Chris has written a weekly column for the Democrat for more than 20 years and has Master’s Degrees in Russian History, Psychology and Career Counseling. He has been a staff writer for a number of years and enjoys it because he "learns so much about so many things."

One thought on “County and courts join for dispute resolution program

  1. Bill Smith says:

    I had to laugh at this Mt. Democrat article and some newly hired EDC CAO office bureaucrat’s assessment of the County Court’s ADR system as being highly successful in reducing the backlog of civil cases.

    My business partners and I who had the utmost integrity in our community were the first to be forced into the County’s ADR process back in 1994, as we were being sued by an unscrupulous person, waiting to go to trial and a local judge wouldn’t grant us summary judgment from the unscrupulous litigant’s frivolous civil action against us. My partners and I were being held hostage by an unscrupulous litigant who was using the Court system to extort us in a real estate law case and went on to do it for nearly 5 years. Had that judge done his job and granted summary judgment, my partners and I would have been saved 5 years of frivolous litigation and shakedown by our legal system. Unfortunately, our Superior Court system seems to supporsuch frivolous litigation and seems to ignore the rules of the law that a Judge could follow to free up the court docket. The system seems to support of the attorney brotherhood getting more billable hours and defendants being forced to partake in an Alternative Dispute Resolution shakedown process, before moving on to a real court trial.

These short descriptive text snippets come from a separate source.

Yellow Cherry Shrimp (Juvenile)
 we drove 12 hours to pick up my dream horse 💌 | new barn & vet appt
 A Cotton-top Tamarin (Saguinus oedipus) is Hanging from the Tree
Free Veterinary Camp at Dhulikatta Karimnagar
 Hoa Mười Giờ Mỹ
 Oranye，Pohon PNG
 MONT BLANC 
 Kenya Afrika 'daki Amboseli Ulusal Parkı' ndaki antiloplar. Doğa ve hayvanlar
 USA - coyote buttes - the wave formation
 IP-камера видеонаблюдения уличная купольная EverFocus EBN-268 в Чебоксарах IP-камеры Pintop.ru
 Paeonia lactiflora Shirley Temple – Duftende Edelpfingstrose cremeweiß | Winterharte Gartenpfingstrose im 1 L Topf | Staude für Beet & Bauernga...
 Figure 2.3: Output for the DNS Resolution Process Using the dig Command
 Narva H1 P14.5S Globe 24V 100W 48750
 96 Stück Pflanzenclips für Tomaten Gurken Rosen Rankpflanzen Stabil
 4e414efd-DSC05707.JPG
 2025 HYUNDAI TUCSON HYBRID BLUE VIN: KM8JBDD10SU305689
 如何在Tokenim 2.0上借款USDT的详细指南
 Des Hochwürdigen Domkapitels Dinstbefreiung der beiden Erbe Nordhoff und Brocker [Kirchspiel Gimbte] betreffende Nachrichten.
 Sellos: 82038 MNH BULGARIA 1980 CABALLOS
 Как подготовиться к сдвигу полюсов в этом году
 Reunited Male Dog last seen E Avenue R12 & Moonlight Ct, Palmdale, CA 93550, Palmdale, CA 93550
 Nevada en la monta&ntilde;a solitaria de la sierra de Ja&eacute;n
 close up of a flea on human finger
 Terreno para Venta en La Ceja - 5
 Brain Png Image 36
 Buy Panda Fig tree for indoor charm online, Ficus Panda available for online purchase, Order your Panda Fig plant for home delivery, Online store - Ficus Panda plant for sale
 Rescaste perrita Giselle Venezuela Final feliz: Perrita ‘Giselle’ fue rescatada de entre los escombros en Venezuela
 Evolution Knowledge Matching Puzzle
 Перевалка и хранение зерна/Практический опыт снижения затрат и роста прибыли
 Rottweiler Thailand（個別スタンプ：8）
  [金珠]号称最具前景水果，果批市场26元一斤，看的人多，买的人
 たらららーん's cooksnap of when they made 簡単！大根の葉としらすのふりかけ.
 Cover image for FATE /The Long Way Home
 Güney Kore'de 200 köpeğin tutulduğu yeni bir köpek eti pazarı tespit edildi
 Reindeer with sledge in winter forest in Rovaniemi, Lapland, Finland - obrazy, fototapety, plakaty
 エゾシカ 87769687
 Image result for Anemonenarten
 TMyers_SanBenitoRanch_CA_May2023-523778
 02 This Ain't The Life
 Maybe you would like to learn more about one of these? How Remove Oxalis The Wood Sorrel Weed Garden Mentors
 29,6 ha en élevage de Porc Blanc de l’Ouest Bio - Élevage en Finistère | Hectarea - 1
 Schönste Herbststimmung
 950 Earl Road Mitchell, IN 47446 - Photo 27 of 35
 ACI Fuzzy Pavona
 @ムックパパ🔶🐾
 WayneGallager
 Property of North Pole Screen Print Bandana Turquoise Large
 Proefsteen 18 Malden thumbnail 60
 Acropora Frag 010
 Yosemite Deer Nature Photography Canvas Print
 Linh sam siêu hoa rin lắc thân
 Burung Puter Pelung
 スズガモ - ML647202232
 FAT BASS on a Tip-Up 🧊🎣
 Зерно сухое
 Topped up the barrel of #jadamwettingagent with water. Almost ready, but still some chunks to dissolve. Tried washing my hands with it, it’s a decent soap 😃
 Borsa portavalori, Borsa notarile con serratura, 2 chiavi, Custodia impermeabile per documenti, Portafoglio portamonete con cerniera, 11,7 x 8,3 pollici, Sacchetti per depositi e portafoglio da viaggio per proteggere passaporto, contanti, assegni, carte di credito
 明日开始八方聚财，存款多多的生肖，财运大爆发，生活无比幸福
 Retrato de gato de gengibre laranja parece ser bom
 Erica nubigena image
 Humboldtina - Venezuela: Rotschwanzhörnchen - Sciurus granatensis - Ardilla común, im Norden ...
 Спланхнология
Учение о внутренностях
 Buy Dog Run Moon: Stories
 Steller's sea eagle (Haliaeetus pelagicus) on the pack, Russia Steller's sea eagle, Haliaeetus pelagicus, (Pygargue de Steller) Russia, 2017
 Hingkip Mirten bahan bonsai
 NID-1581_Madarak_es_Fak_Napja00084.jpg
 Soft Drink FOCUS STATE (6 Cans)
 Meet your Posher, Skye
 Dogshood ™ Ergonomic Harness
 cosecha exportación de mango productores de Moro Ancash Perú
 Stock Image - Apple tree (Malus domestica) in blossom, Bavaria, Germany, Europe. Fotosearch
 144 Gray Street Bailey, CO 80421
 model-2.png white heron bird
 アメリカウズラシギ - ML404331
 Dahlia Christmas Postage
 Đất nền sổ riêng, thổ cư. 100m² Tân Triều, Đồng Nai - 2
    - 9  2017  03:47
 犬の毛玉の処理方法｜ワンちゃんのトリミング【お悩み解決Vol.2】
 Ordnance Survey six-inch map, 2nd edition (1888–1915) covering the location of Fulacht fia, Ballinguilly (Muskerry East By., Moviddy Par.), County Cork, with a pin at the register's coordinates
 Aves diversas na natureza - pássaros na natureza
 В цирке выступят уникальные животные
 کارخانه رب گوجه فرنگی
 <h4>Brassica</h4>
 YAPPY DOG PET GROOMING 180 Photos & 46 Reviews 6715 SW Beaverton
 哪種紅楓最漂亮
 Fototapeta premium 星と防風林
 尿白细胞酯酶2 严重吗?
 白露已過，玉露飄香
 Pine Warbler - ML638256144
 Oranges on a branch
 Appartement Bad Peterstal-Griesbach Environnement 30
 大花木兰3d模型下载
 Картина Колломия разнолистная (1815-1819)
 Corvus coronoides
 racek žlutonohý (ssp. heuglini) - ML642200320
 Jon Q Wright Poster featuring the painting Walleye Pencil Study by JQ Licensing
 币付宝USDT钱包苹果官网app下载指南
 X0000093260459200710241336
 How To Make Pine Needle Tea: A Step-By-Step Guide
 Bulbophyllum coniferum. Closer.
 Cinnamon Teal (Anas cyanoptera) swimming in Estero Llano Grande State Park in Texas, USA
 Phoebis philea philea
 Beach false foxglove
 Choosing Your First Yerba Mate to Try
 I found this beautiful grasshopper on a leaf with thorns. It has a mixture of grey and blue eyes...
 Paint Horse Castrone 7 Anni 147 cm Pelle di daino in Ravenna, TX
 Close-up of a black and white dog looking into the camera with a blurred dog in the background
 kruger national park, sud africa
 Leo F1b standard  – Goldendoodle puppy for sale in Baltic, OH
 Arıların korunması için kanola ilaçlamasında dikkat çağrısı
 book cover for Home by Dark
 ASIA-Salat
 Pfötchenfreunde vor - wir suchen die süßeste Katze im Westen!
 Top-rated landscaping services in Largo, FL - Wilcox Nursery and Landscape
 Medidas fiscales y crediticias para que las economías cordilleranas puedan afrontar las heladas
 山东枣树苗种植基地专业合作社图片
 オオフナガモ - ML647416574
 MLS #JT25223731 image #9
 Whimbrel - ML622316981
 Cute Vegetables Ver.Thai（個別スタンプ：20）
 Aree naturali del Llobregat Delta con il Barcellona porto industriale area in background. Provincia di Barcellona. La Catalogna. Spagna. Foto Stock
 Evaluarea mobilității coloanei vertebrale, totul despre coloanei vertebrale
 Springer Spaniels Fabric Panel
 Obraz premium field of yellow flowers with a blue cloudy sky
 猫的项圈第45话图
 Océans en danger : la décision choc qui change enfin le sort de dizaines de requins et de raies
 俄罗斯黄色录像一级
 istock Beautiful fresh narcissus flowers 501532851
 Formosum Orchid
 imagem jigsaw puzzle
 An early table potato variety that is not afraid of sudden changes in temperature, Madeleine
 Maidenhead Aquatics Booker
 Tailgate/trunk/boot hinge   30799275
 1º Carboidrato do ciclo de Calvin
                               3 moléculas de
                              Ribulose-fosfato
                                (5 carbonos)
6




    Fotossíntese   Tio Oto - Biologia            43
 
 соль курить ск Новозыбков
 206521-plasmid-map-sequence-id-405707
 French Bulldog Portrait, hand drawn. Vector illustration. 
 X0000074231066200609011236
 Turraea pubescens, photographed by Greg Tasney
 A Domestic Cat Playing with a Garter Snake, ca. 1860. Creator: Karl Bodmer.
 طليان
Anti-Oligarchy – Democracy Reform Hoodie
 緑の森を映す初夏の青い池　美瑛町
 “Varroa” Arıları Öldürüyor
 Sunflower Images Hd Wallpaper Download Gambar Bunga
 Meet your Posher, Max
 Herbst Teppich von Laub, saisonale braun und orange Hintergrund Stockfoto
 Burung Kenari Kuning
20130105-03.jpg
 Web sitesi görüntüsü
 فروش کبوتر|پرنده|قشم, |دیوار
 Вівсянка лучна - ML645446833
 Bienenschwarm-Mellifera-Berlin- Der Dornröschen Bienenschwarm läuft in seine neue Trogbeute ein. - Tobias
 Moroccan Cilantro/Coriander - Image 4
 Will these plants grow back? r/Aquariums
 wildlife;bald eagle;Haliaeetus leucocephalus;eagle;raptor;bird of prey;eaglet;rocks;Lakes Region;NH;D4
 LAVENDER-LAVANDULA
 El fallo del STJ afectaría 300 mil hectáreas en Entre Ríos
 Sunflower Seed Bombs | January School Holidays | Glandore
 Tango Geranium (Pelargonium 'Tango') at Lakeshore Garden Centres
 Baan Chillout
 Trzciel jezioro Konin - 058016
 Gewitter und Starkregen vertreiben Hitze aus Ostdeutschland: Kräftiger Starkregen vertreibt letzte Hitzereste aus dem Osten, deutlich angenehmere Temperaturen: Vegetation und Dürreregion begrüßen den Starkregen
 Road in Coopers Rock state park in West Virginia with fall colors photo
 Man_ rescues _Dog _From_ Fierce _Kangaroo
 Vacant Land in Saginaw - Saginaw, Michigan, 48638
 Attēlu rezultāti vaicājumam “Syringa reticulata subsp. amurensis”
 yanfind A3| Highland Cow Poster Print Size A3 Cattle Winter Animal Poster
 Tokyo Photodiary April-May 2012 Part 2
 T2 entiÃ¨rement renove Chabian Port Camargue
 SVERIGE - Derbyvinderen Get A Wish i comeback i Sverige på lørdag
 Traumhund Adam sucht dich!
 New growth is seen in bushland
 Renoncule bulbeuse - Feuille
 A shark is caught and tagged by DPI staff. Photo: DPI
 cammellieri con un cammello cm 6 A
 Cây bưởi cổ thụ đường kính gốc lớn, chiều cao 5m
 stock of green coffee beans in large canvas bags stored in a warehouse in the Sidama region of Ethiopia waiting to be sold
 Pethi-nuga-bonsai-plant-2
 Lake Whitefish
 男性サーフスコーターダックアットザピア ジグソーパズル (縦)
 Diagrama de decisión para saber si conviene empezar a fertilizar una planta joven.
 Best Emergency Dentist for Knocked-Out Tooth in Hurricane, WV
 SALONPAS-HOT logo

    As a guinea pig of the County’s very first ADR, I recall quite well the panel of local attorneys that had been asked to sit on this mock ADR panel in the EDC Supervisor’s chambers and who didn’t even attempt to follow the strict civil codes of the law, but instead tried to instill some type of socialistic resolution whereby my partners would give the uncivil assailant holding us hostage a portion of our property for free. I then recall being forced to drive to South Lake Tahoe one cold, icy winter morning and hear Judge Terrence Finney’s solution that my real estate partners ought to take in the frivolous litigant as a partner in our business and property…whom I responded, “why don’t we just invite the Devil into our homes too!”

    The ADR process can be likened to a Kangaroo Court and could have been better mediated on the Jerry Springer show. I liken it very much to how the State of California conducts its own ADR’s whereby some cherry picked attorney hired by the State for a predisposed legal outcome, who often is not knowledgeable in the complicated matter they are overseeing, plays judge, jury and executioner and the defendant is often caught up in a contrived, non-legal adjudicated determination that doesn’t follow the strict codes of the law or BAJI (Jury Instructions for Judges and Attorneys), now replaced by CACI (California Civil Jury Instructions). What most people don’t understand is that you don’t have to participate in these ADR’s and just demand a court trial.

    It’s a shame that our Court judges don’t seem to want to grant you Summary Judgment or use other legal methods granted to them to obtain a quick resolution to your case and instead force you into these contrived ADR processes and coddle frivolous litigants. You will hear the usual complaints out of them that they have too much workload, have to give priority to criminal cases, that the courts are too busy with criminal cases, etc., etc.

    All I can tell you is that since 1994 our local Court system budget and bureaucracy has swelled, the CAO’s office has swelled, the Court system has become much more computerized, the County created an Office of the Courts staffed with more bureaucrats, they spend millions of dollars a year on Court House improvements but the system doesn’t seem to get better and is still log jammed – I liken it to a fiefdom. I am not saying that our Judges don’t work hard, but they seem to not want to use the methods already granted to them and take action, it’s too easy to push off a summary judgment decision onto an ADR process.

    For innocent defendants of frivolous civil litigation, the ADR process is nothing more than a Shakedown Process that rewards frivolous litigants and penalizes law abiding citizens. Don’t stand for it and demand a Jury Trial that follows the law.